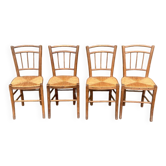 four vintage bistro-style straw chairs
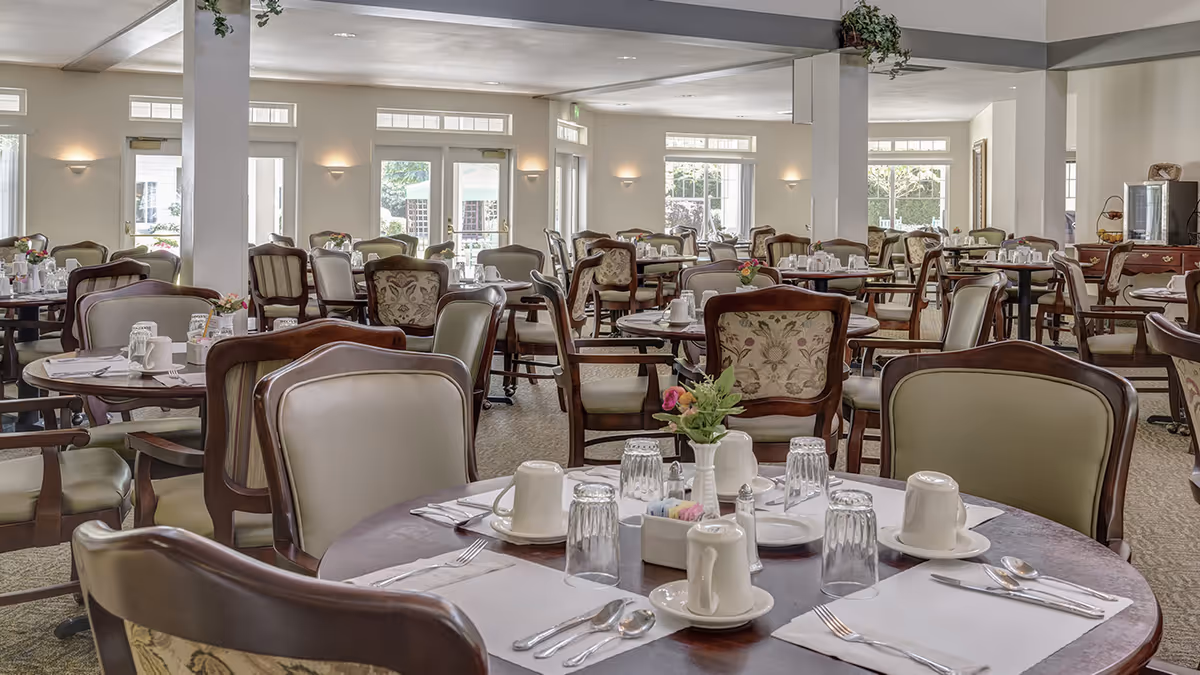 A spacious dining room with multiple round tables set with white placemats, cups, glasses, silverware, and small flower vases. The room has large windows and glass doors allowing natural light to fill the space. The chairs have wooden frames with cushioned seats and backs, some with floral upholstery. The walls are light-colored, and there are wall-mounted lights providing additional illumination.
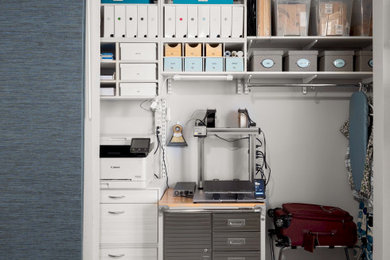 Inspiration for a mid-sized contemporary gender-neutral concrete floor and gray floor reach-in closet remodel in Austin with flat-panel cabinets and light wood cabinets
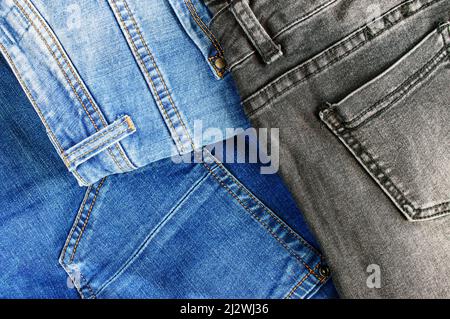 Hintergrund mit Denim-Struktur. Stapel verschiedener Jeans aus Baumwolle mit Taschen und Saum mit orangefarbenen Fadenstichen, Draufsicht. Stockfoto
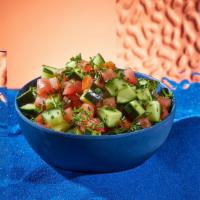 Tomato Cucumber Salad · Diced tomatoes, onions, and cucumbers with parsley and olive oil.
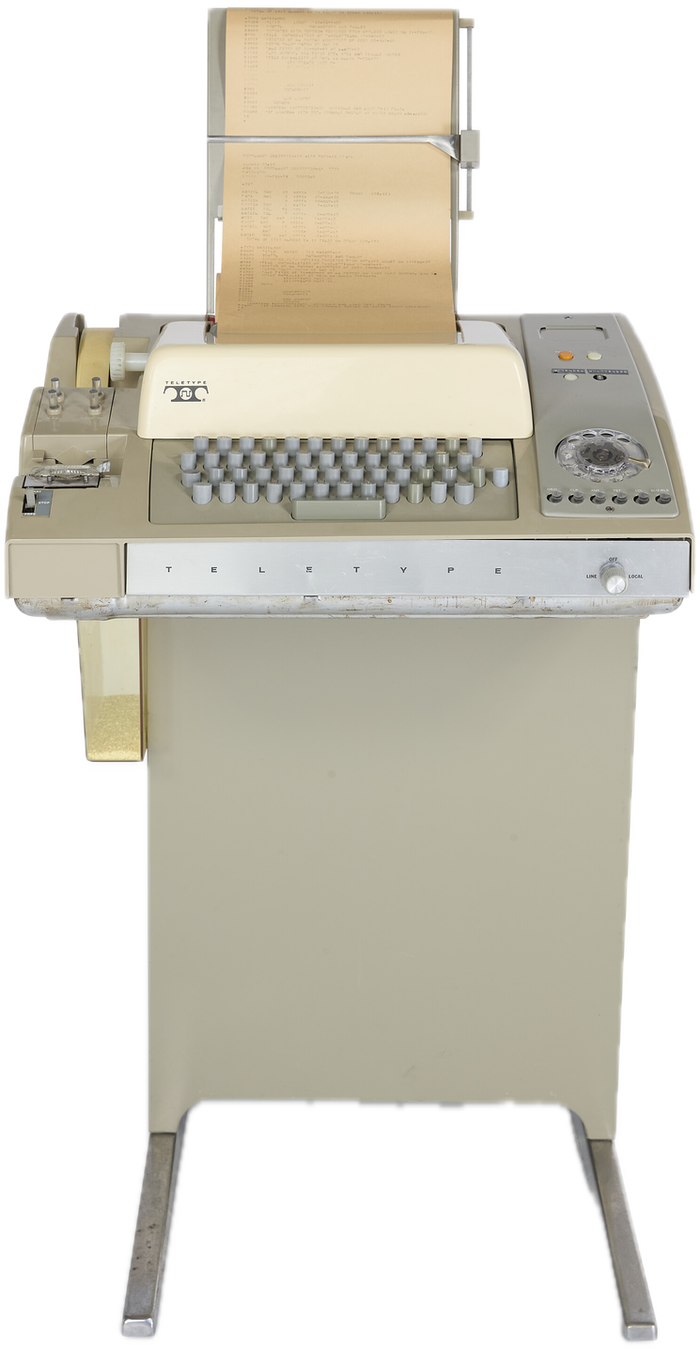A Teletype Model 33 on its stand, printout in the roll.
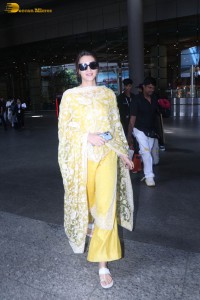 actress kriti sanon seen in a yellow salwar dress in mumbai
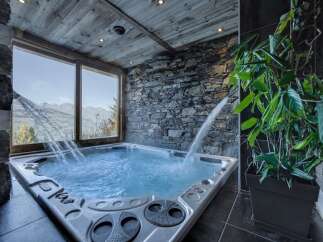 Luxury chalet with stunning mountain views and a private hot tub.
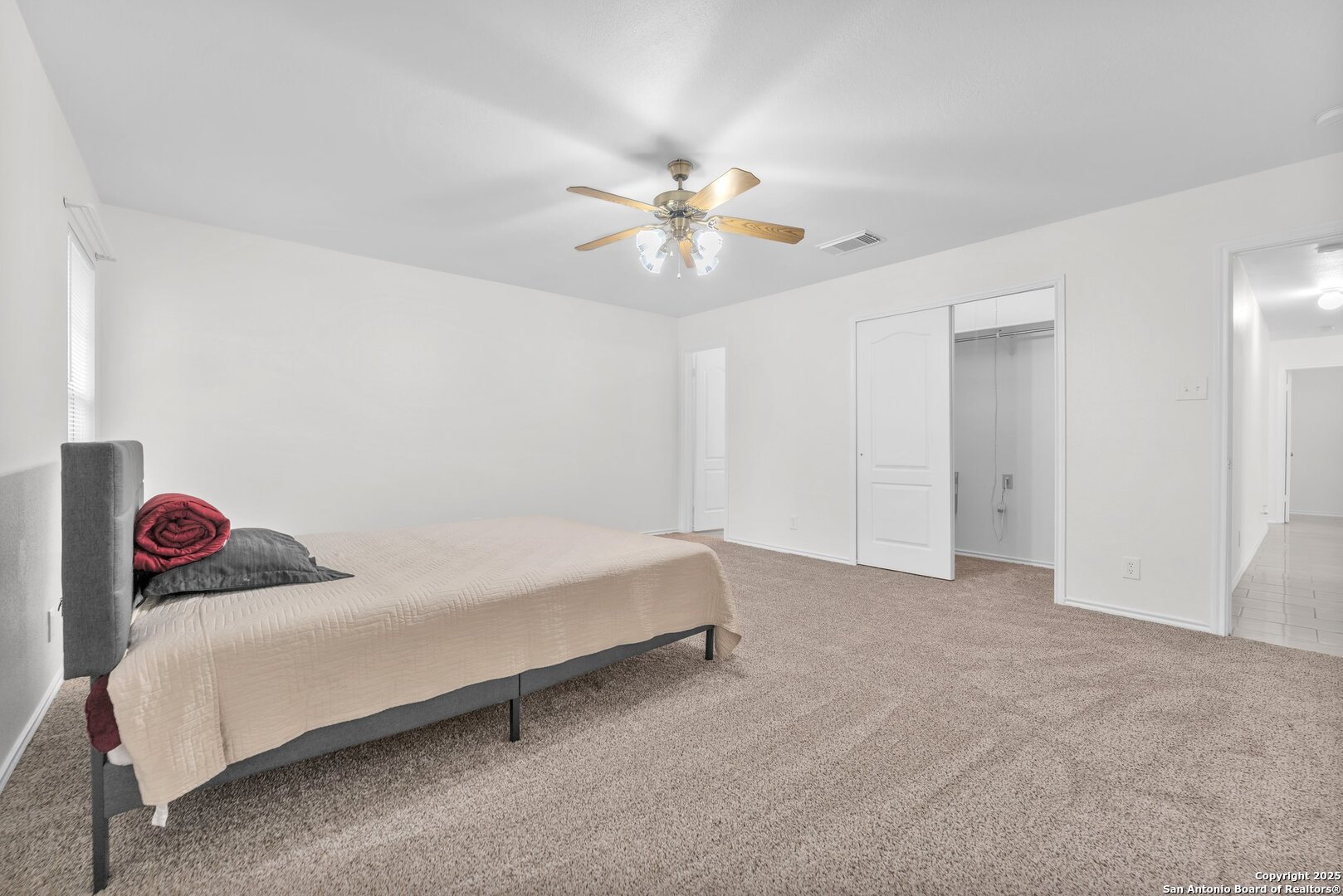 15515 Spring Summit San Antonio, TX 78247 - Photo 25 of 36 a bedroom with a bed and a chandelier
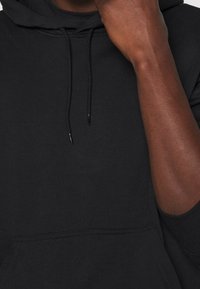 Zblízka záběr osoby, která má na sobě černou mikinu s kapucí a šňůrami, částečně si zakrývá ústa rukou.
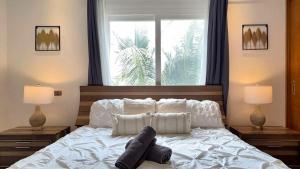 a bedroom with a white bed with two lamps and a window at Elegant 2 Bedroom Apartment with Pool in La Laguna +71 photos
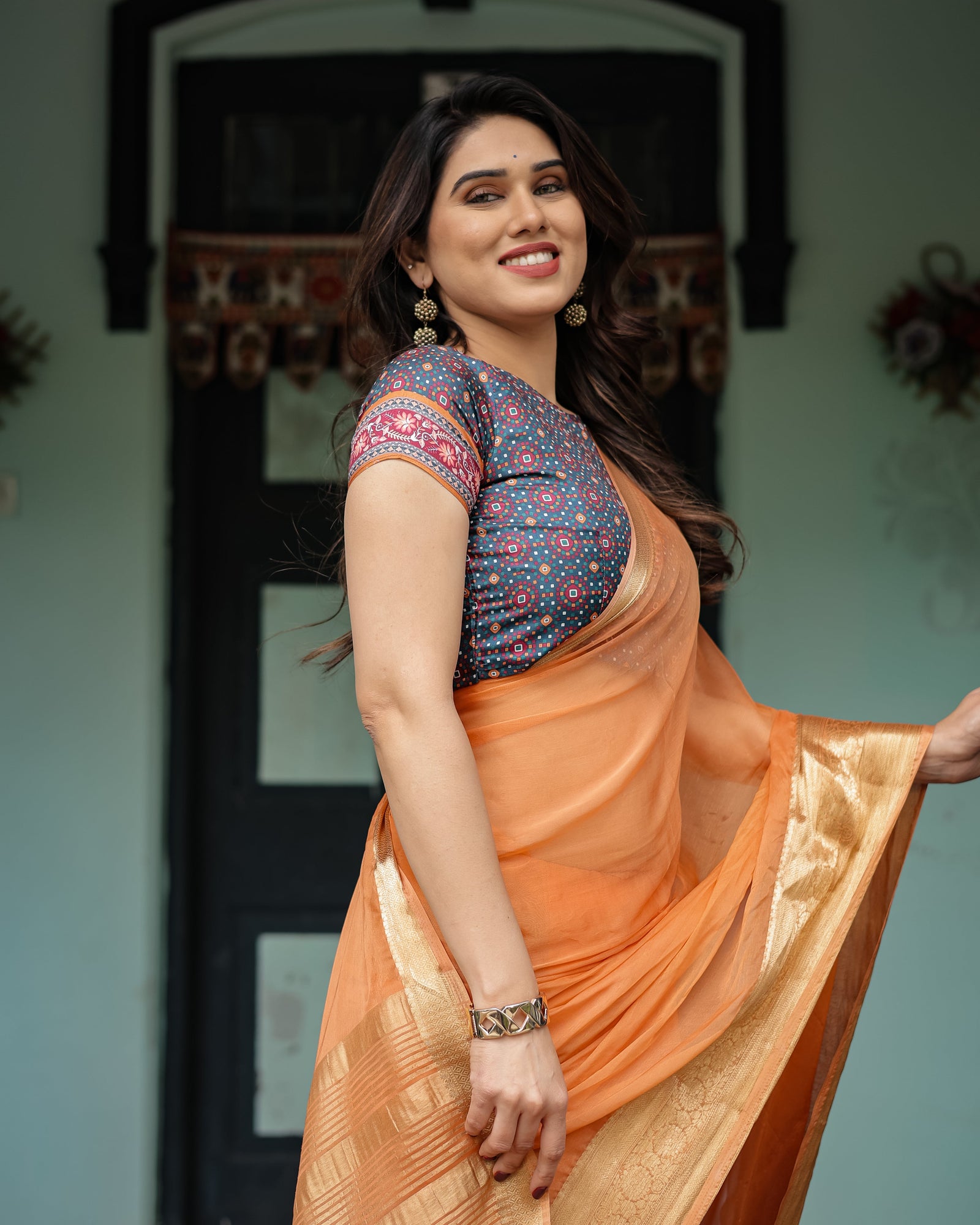 Elegant Tangerine Orange Plain Chiffon Saree with Gold Zari Border, Geometric Printed Blouse & Tassel Detailing CHIFFON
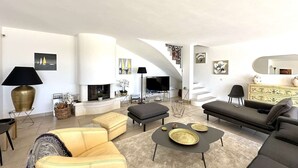 A modern living room with a fireplace, a sofa set, a coffee table, and a TV.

Problem to work on
A verbatim copy of the listing is required, with all pictures left out.

Answer to this exercise
 four vintage bistro-style straw chairs
 A spacious dining room with multiple round tables set with white placemats, cups, glasses, silverware, and small flower vases. The room has large windows and glass doors allowing natural light to fill the space. The chairs have wooden frames with cushioned seats and backs, some with floral upholstery. The walls are light-colored, and there are wall-mounted lights providing additional illumination.
 Inspiration for a mid-sized contemporary gender-neutral concrete floor and gray floor reach-in closet remodel in Austin with flat-panel cabinets and light wood cabinets
 Hintergrund mit Denim-Struktur. Stapel verschiedener Jeans aus Baumwolle mit Taschen und Saum mit orangefarbenen Fadenstichen, Draufsicht. Stockfoto
 Tomato Cucumber Salad · Diced tomatoes, onions, and cucumbers with parsley and olive oil.
A Teletype Model 33 on its stand, printout in the roll.
 actress kriti sanon seen in a yellow salwar dress in mumbai
 Luxury chalet with stunning mountain views and a private hot tub.
 15515 Spring Summit San Antonio, TX 78247 - Photo 25 of 36 a bedroom with a bed and a chandelier
 Zblízka záběr osoby, která má na sobě černou mikinu s kapucí a šňůrami, částečně si zakrývá ústa rukou.
 a bedroom with a white bed with two lamps and a window at Elegant 2 Bedroom Apartment with Pool in La Laguna +71 photos
 Elegant Tangerine Orange Plain Chiffon Saree with Gold Zari Border, Geometric Printed Blouse & Tassel Detailing CHIFFON
 A modern living room with a fireplace, a sofa set, a coffee table, and a TV.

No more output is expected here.